EDF n'est pas notre seul client : nous travaillons avec 95 % des exploitants nucléaires dans le monde. Nous avons une responsabilité particulière auprès de TEPCO et du gouvernement japonais. Areva prouve quotidiennement sa détermination pour résoudre les problèmes rencontrés sur le site de Fukushima. Nous sommes par ailleurs très présents auprès de toutes les compagnies d'électricité qui soumettent leurs réacteurs nucléaires aux stress tests, occasion pour nous de valoriser notre expertise et nos compétences.

Ma deuxième priorité est de mener à bien les négociations importantes. Ainsi que je vous l'ai déjà indiqué, j'ai signé le 15 septembre dernier un nouveau contrat avec la Tennessee Valley Authority pour l'achèvement de la construction de la centrale de Bellefonte 1. Fin septembre, nous avons également remporté un appel d'offres lancé par EDF d'un montant de près d'un milliard d'euros pour la fourniture de 32 générateurs de vapeur, qui garantira une activité industrielle soutenue pour toute une série d'entreprises du pôle nucléaire de Bourgogne. Nous poursuivons activement les négociations en Inde pour un EPR, en Chine pour deux EPR supplémentaires ainsi qu'une usine de traitement et de recyclage des combustibles usés, au Royaume-Uni, en République Tchèque pour ne donner que quelques exemples. Il est important, en cette période, d'envoyer un signal clair sur nos intentions en matière nucléaire.

Ma troisième priorité est d'adapter le groupe Areva à un nouveau contexte post-Fukushima. Immédiatement après mon arrivée à la présidence du Directoire d'Areva, j'ai demandé que soit élaboré un plan d'actions stratégique pour les cinq prochaines années, qui doit permettre de : réévaluer le contexte stratégique de l'entreprise, la position concurrentielle d'Areva sur les marchés du cycle du nucléaire – mine, enrichissement, recyclage –, des réacteurs existants, des nouveaux réacteurs, des activités renouvelables ; déterminer le bon niveau d'ambition de l'entreprise et ses objectifs de part de marché ; de déterminer les investissements nécessaires à l'entreprise pour atteindre les objectifs que nous nous serons fixés. Une chose est d'ores et déjà certaine, l'entreprise n'arrêtera pas d'investir car elle doit préparer l'avenir pour terminer le renouvellement de son outil industriel et assurer son développement dans le renouvelables.

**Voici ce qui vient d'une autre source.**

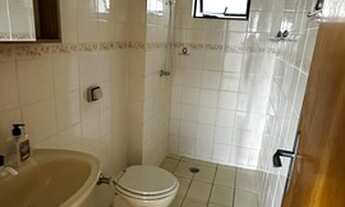 Imagem 4: Apartamento para aluguel possui 67 metros quadrados com 3 quartos em Novo Mundo - Curitiba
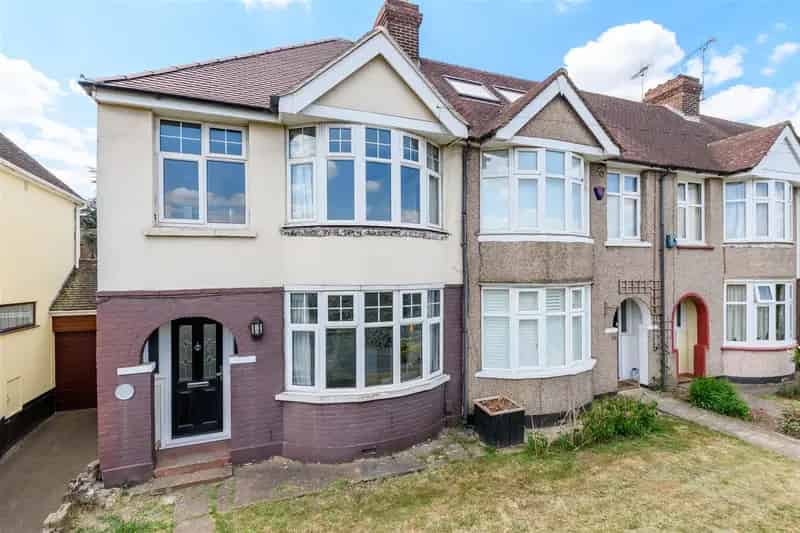 3 Bedroom End Terrace House for Sale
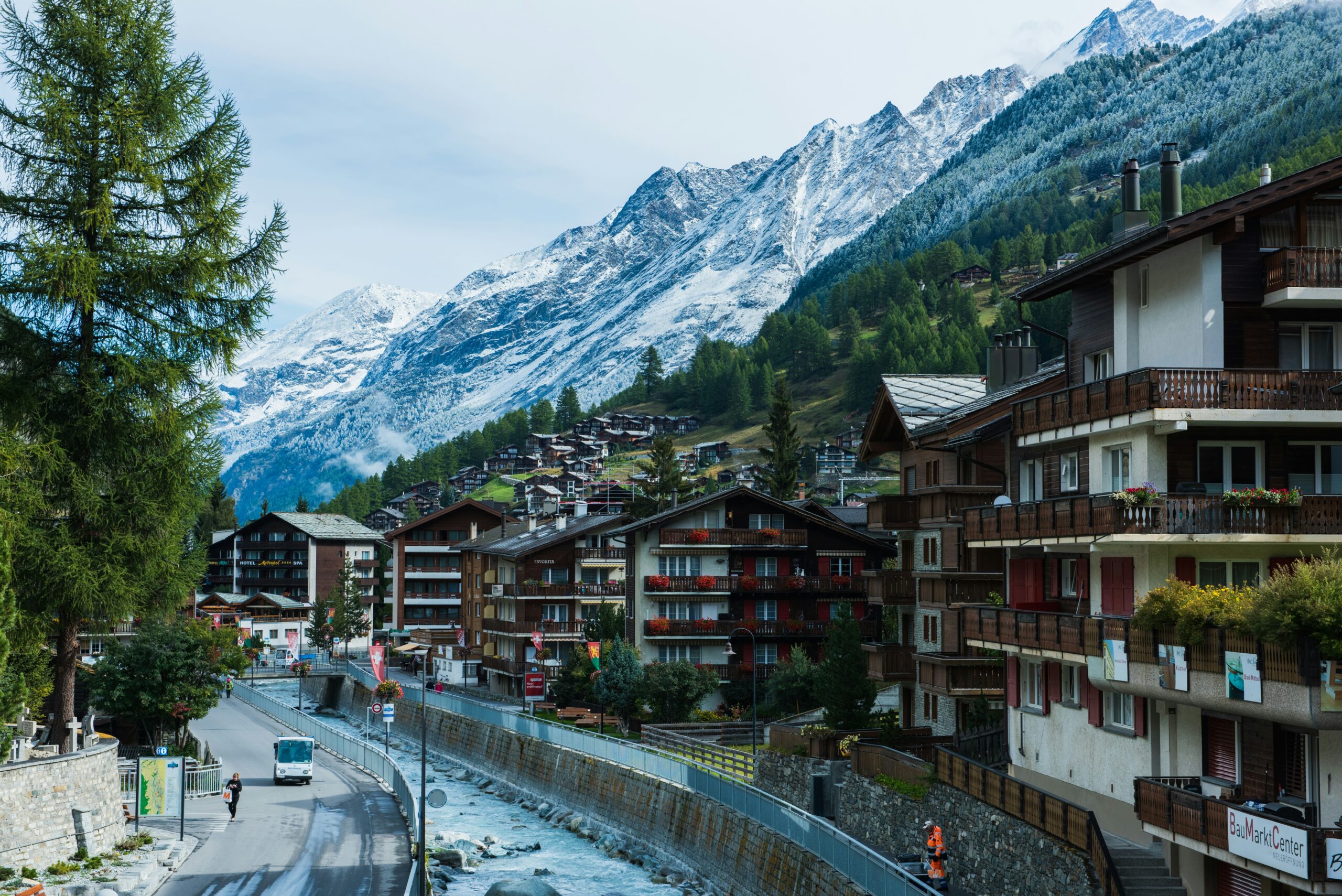 Neu in der Schweiz: Welche Versicherungen benötigen Sie zuerst?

Par exemple Areva investit plusieurs milliards pour finaliser son usine d'enrichissement Georges Besse 2 sur le site du Tricastin, qui viendra remplacer l'usine Georges Besse 1 en fin de vie. Autre exemple, nous avons annoncé un investissement significatif en France dans une usine d'éoliennes offshore si Areva est sélectionné dans le cadre de l'appel d'offres en cours.